In February I had my second solo show: Finding the Goddess. Sounds very impressive until I have to justify the huge CV gap between 1996 and 2018! And now it is June, what have I been doing? Lots of fragments, ideas, reading, myriad blog drafts, worrying about money, a trip to Sardinia and a short course in Rhino – a very fluid 3D drafting program which might have potential for different ways of producing sculptures if I can discipline myself to practice.

I made this piece for the exhibition – its current title is Renascence. It is a “glade” of sleeping figures in shades of yellow. I was thinking of dense woodland; the way light creates shades of green according to textures and angles. Leaves which are matt, shiny, soft, brittle or furry make colours on a spectrum of greens from silvery to almost black, with tangents into giddy lime and glaucous blue. I wanted to make a group of flowering figures to represent something hopeful in grey dead February.
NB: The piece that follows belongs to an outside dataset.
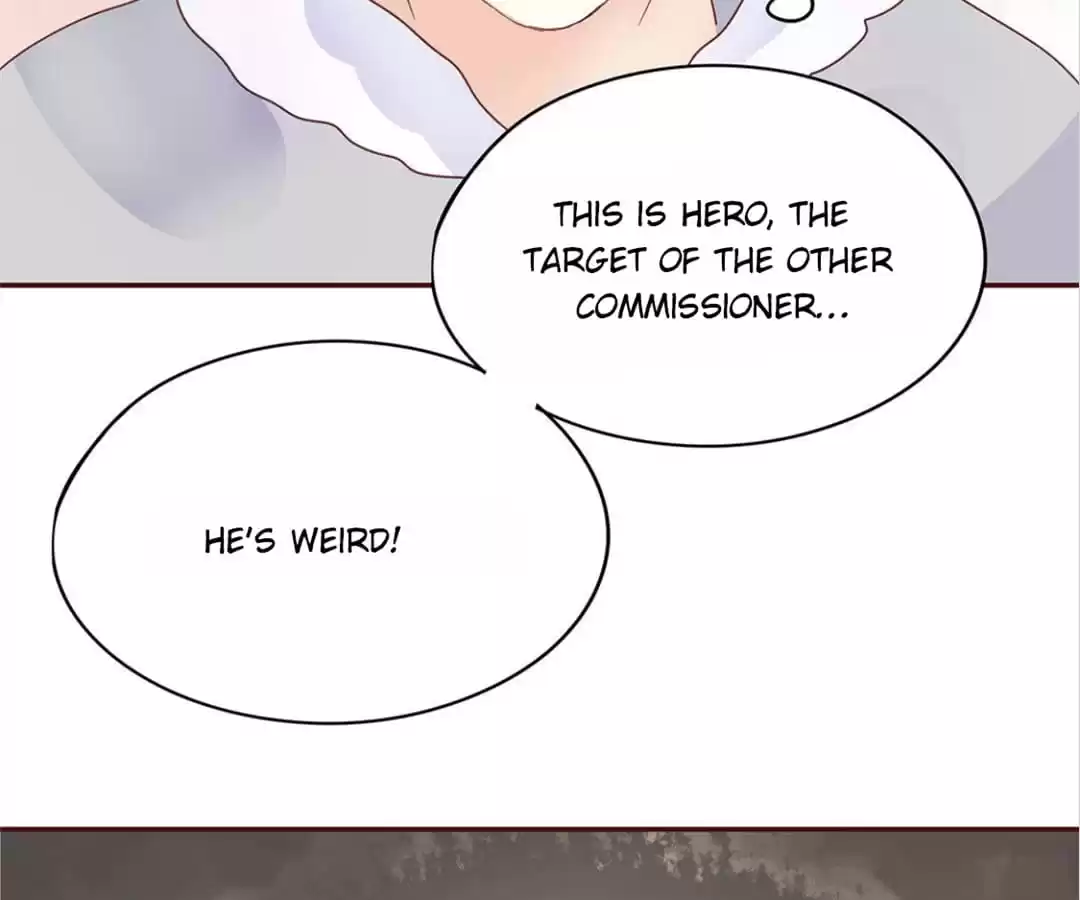 Supporting Actor’s Survival Game (Official) - Chapter 52 manhwa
My first yellow flowering woman was made in early 2017, in Jan/Feb, a time of year when I often slump into gloom. I have learned to recognise these periods of creative stony ground as part of the process, not to be despaired over but a sign that I need matinee trips to the cinema, flaneuring city walks, shallow pleasures, frivolous spends, lots of socializing. Although, knowing that creative disconnectedness is part of the process doesn't make it any easier to live through.

The bleak season after Christmas is ameliorated by purchases of cheap cut flowers, especially chaste daffodil bundles which quickly abandon modesty and become “jocund company” throughout the house. Narcissi have so many varieties: each week my vase held different shades and shapes, acid, egg yolk or pinky white yellows. Coronas and corollas homogenized or contrasting, with frills or without. Flowering woman was a celebration of daffodil yellow and the hope and knowledge that spring will come (emotionally and seasonally), as well as making an object alternative to my defeated Abject Woman. Renascence (the title comes from an Edna St Vincent Millay poem) attempts to take it further.

Each figure culminates in a trumpet flower lined with tender orificial satin. A mid-wife visitor said they looked like fallopian tubes. Some of the trumpet coronas flop, others brandish. The upper part of the figures are made variously from cotton, linen, velvet, felt and each has a stretchy sagging jersey underbelly. Some of the fabrics

were bought yellow, others dyed to my preferred shades.

Although at times I despaired of the enormity and boringness of the sewing task, it was also a meditation. I initially machine sewed longer seams but found the edges insufficiently "pinched", so had to overstitch by hand. There is no cutting corners! The experience was very sensory: texturally varied, primitive... Some fabrics are a delight to hand sew; a linen weave submits gladly to penetration by needle, whereas peachy velvet rebuffs - requiring a thimble and brute force. I love velvet - something about its capacity to reflect light or shadow according to the angle of its pile, but many people loathe it, it even has its own phobia name "haptodysphoria". The coarse texture of hessian results in bigger, clumsier stitches, and sewing it is accompanied by that distinctive scent of jute: part grass part chemical - vague memories of school in the 70s. Weaveless felt requires a different approach: I gently secure those seams with stitches sent parallel to its surfaces. And pliant calico is so haptically familiar I can't even describe the experience of knowing how to sew it.

Renascence is resistant to being a commodity – the root figures are filled with sand, and horribly heavy, their postures infinitely fluid. They have to "played" back into shape and the group are differently configured each time. I find their sagginess very satisfying, although it can be overwhelming to lift them, there is a risk that the weight of dangling limbs will rip them apart. In my mind were Eva Hesse’s “absurd” groups, and more vividly Barry Flanagan’s late 60s hessian sandbags: inert sausagey piles with titles like “Heap”.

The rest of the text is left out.